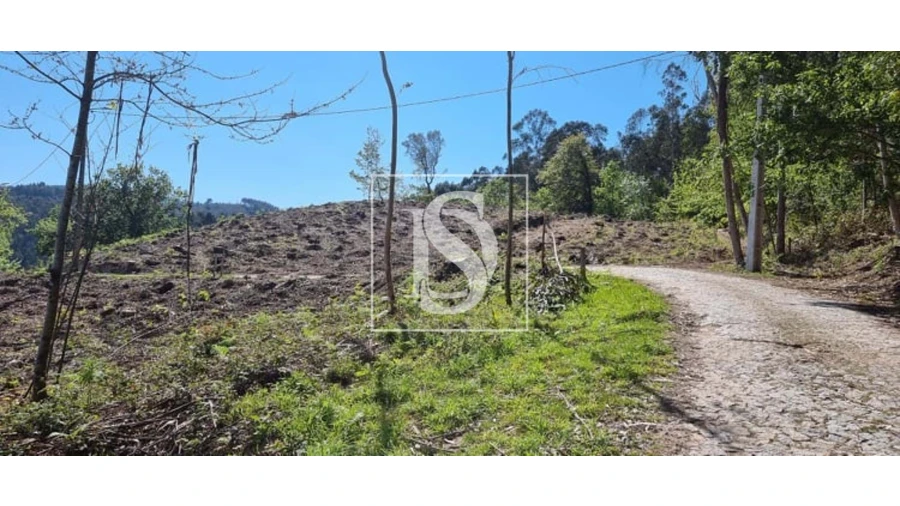 Terreno para Venda em Eira Vedra Foto 13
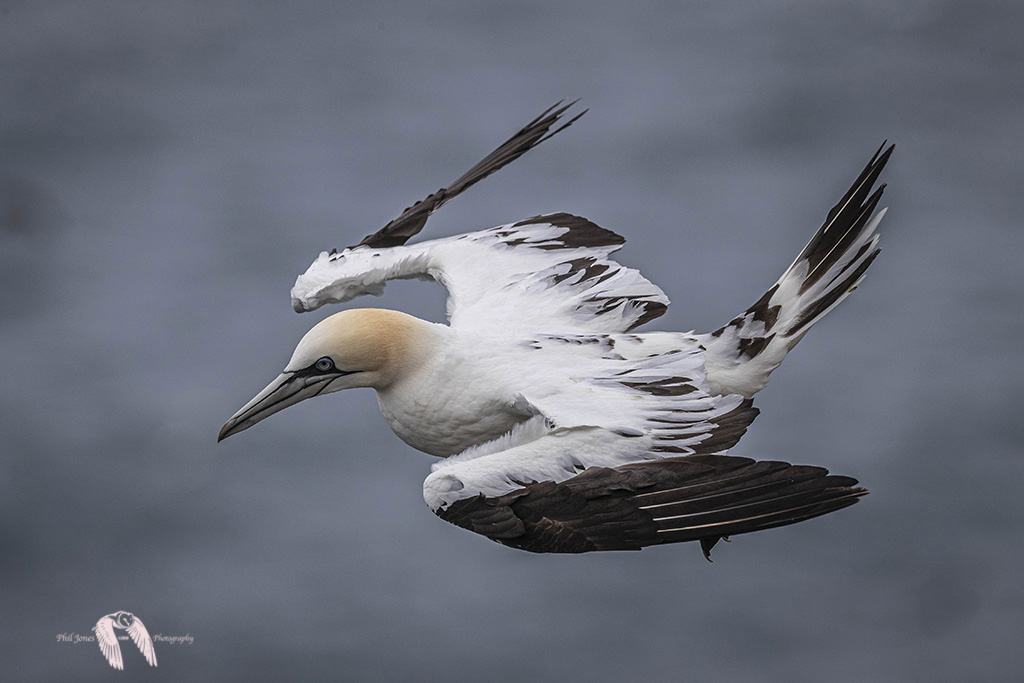 Juvenile Gannet DX27083
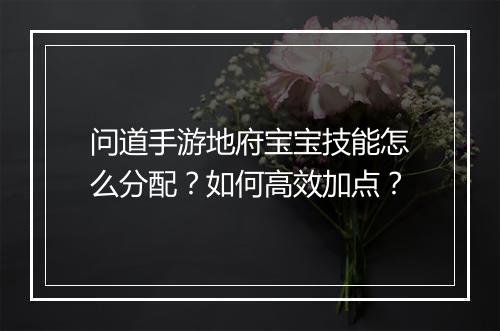 问道手游地府宝宝技能怎么分配?如何高效加点?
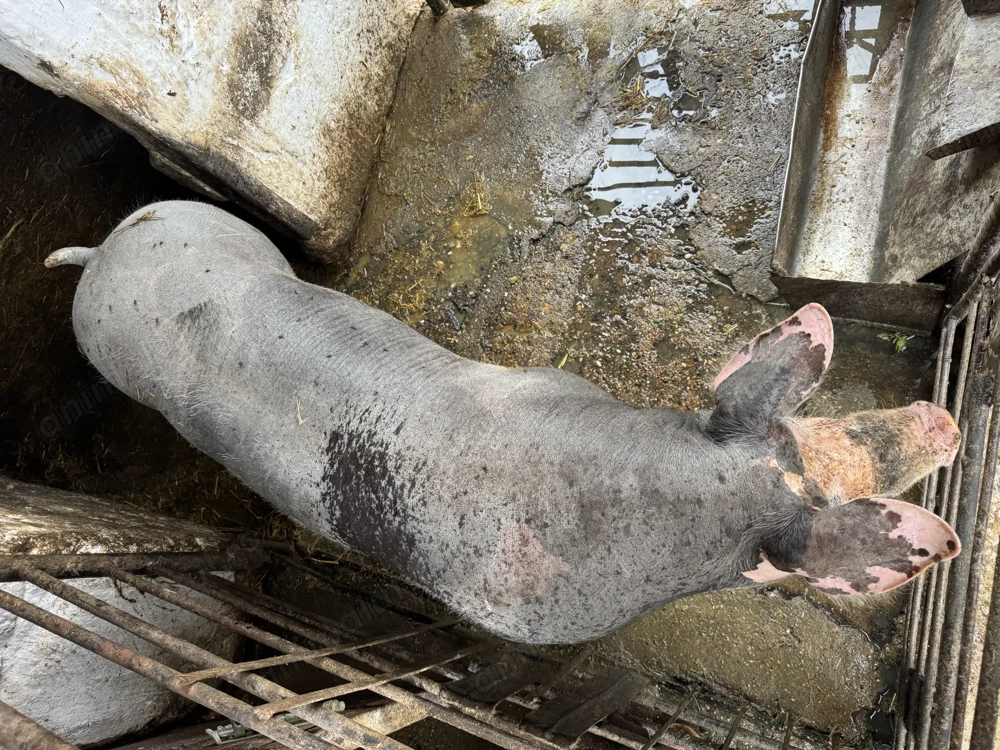 Vând porc de carne  150 kg Ineu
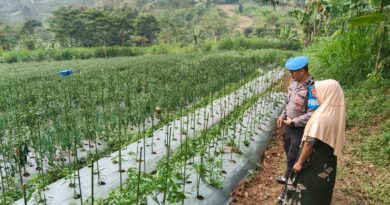 Bhabinkamtibmas Sambangi Lahan Cabai, Dukung Ketahanan Pangan Bersama Warga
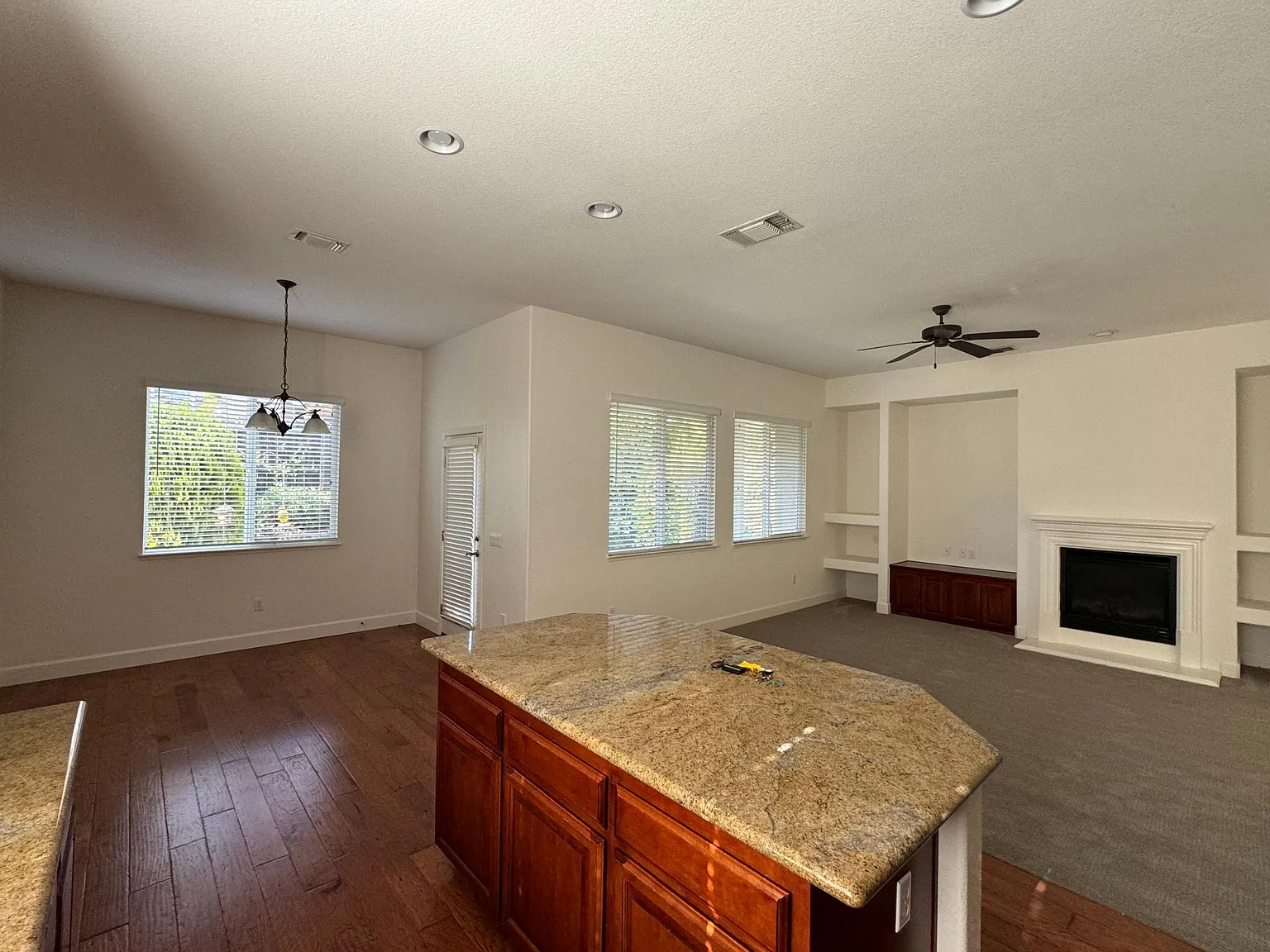 7729 Briarberry Way — Photo 4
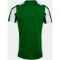 JOMA Inter Classic Trikot 452 - grün/weiß S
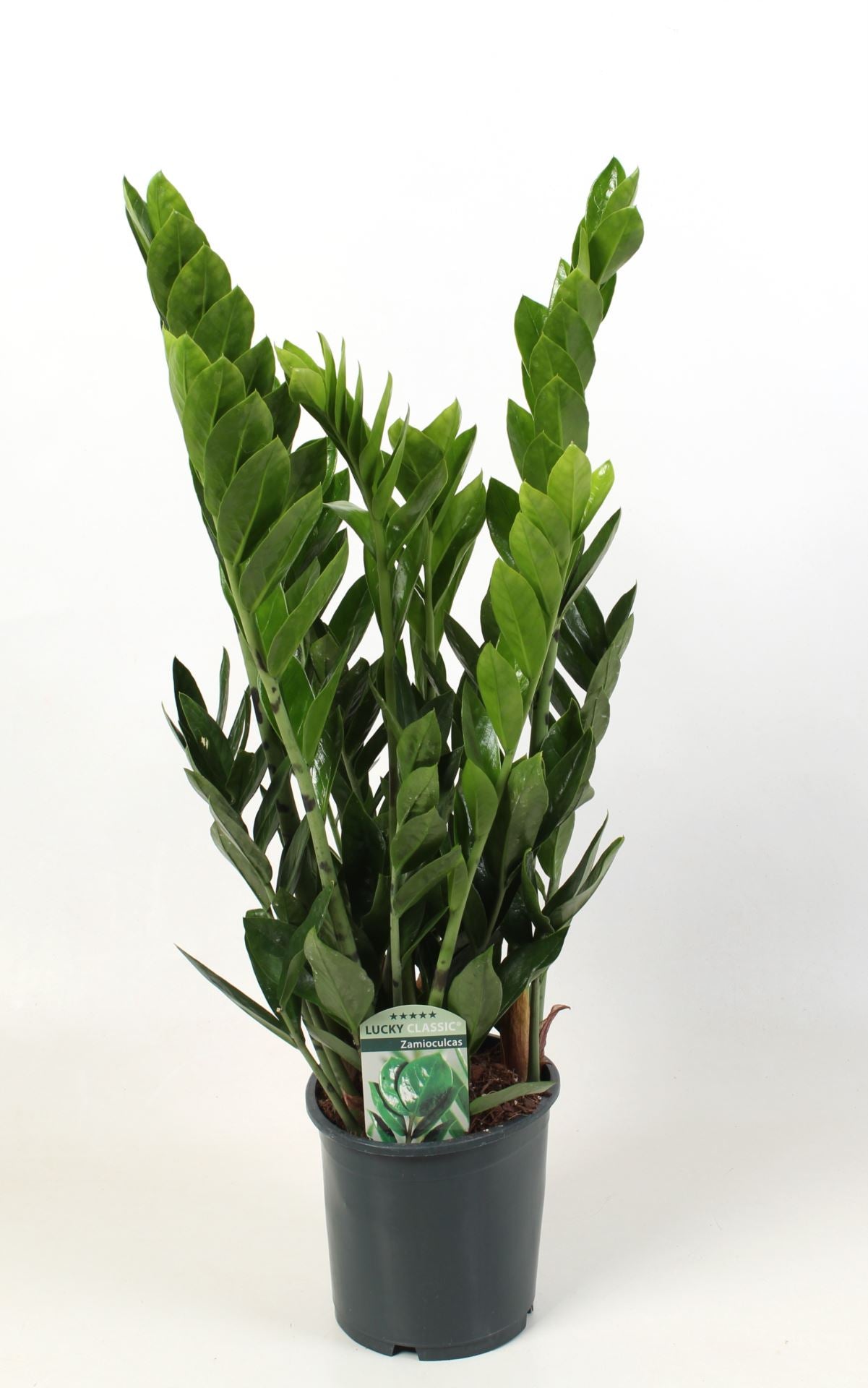 Zamioculcas Zamifolia pt.17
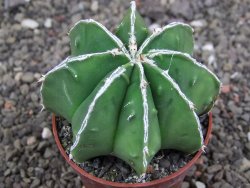 Astrophytum Dinosaur (Fukurio Hannya) pot 6,5 cm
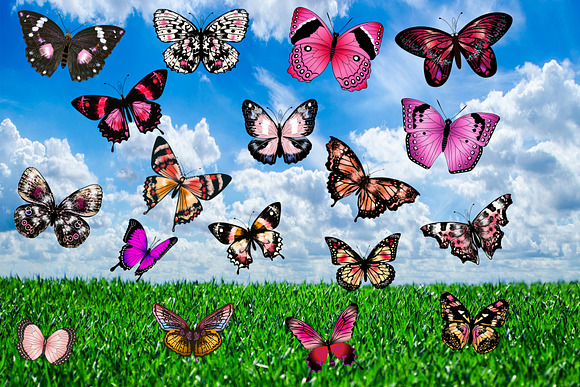 150 Butterflies Photo Overlays in Objects - product preview 5
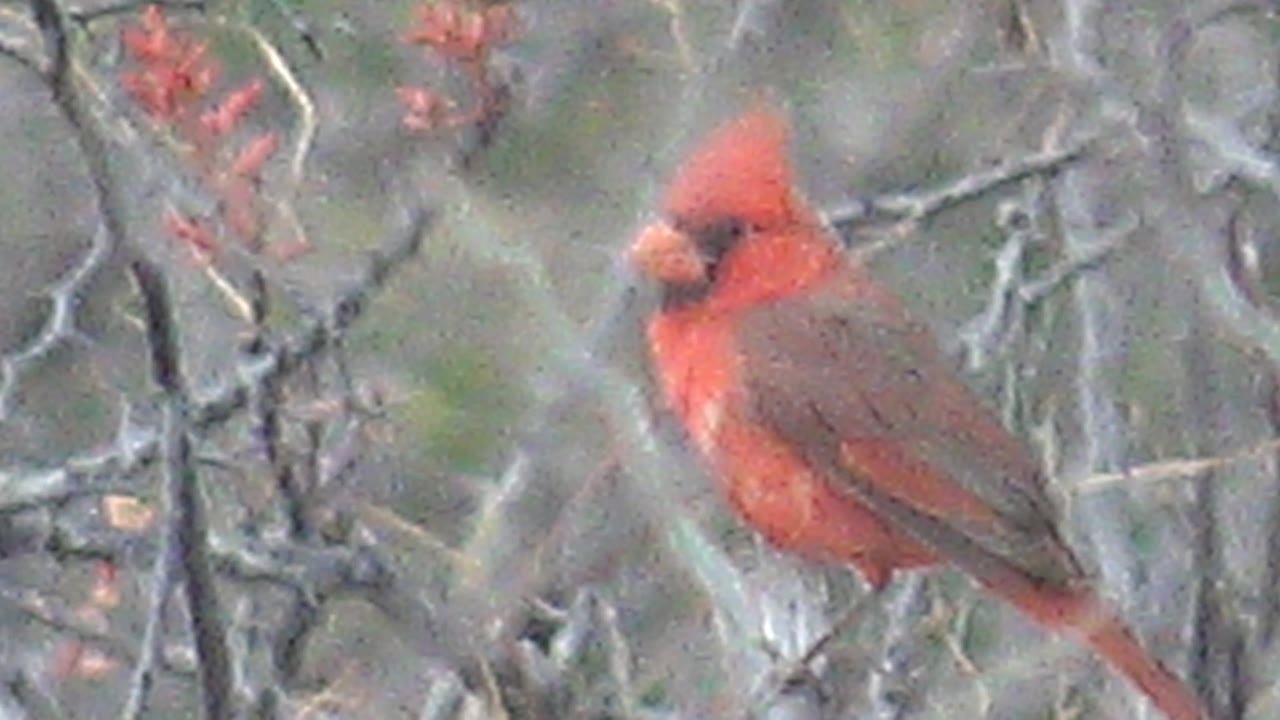 At 0:03, the cardinal's orange beak is more visible as it sits behind soft foreground twigs in Cabo Pulmo, Mexico, with no visible people.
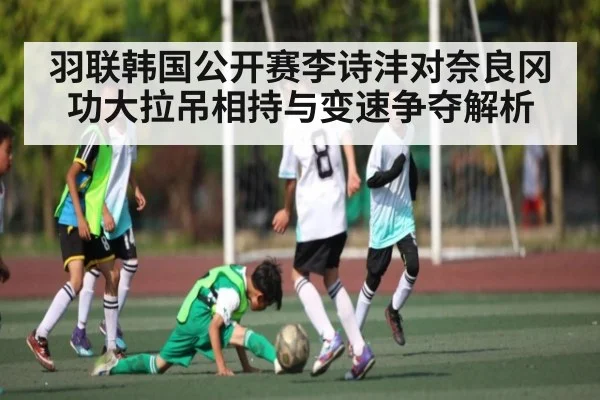羽联韩国公开赛李诗沣对奈良冈功大拉吊相持与变速争夺解析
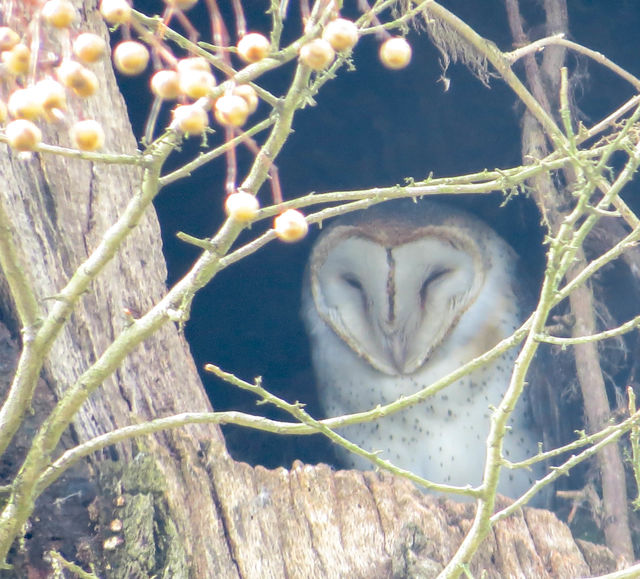 Barn Owl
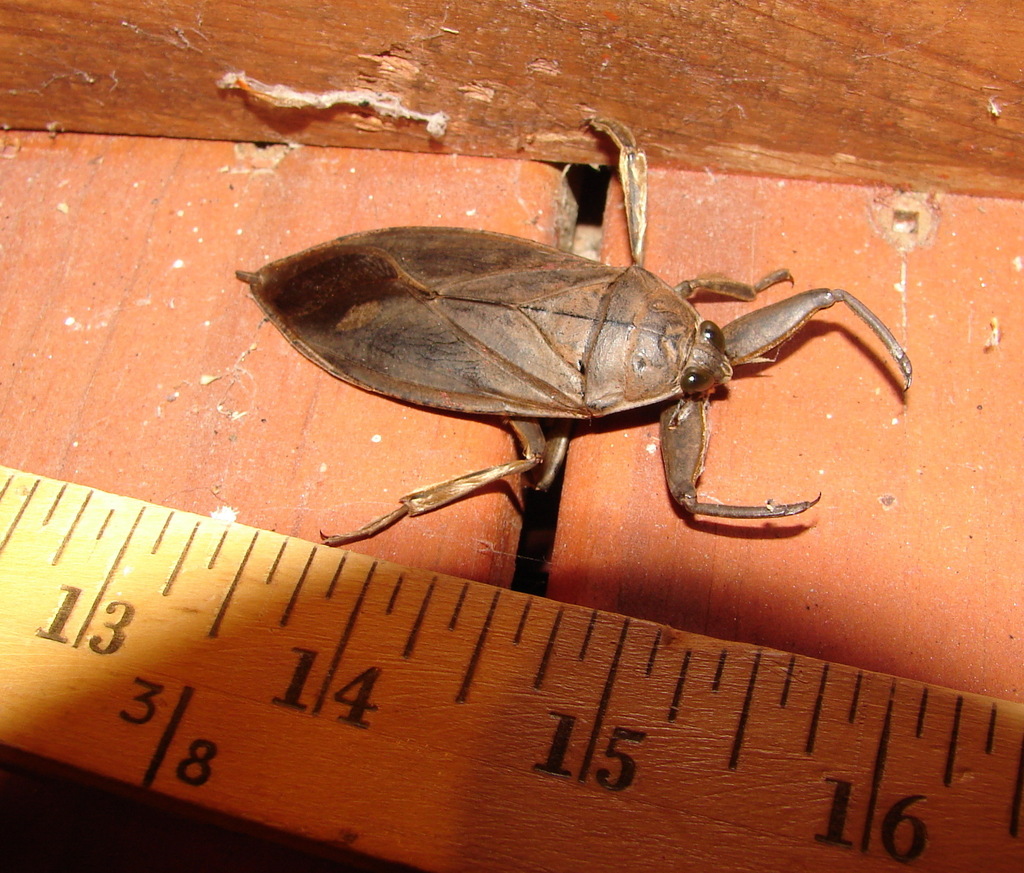 American Giant Water Bug from Wentworth, NH, USA on October 27, 2012 at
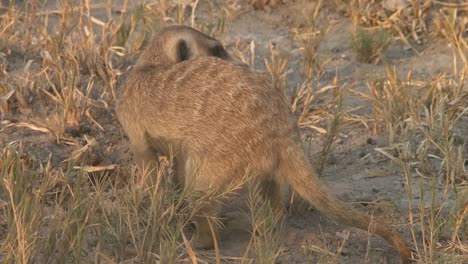 meerkat digging in dry savannah for food, stirring up dust, side view slightly from behind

:: INSTRUCTIONS TO FOLLOW ::
An exact copy of every entry, pictures left out, is what to write here.

:: ANSWER SPACE ::
 Terreno para Venda em Eira Vedra Foto 13
 Juvenile Gannet DX27083
 问道手游地府宝宝技能怎么分配?如何高效加点?
 Vând porc de carne  150 kg Ineu
 Bhabinkamtibmas Sambangi Lahan Cabai, Dukung Ketahanan Pangan Bersama Warga
 7729 Briarberry Way — Photo 4
 JOMA Inter Classic Trikot 452 - grün/weiß S
 Zamioculcas Zamifolia pt.17
 Astrophytum Dinosaur (Fukurio Hannya) pot 6,5 cm
 150 Butterflies Photo Overlays in Objects - product preview 5
 At 0:03, the cardinal's orange beak is more visible as it sits behind soft foreground twigs in Cabo Pulmo, Mexico, with no visible people.
羽联韩国公开赛李诗沣对奈良冈功大拉吊相持与变速争夺解析
 Barn Owl
 American Giant Water Bug from Wentworth, NH, USA on October 27, 2012 at
 meerkat digging in dry savannah for food, stirring up dust, side view slightly from behind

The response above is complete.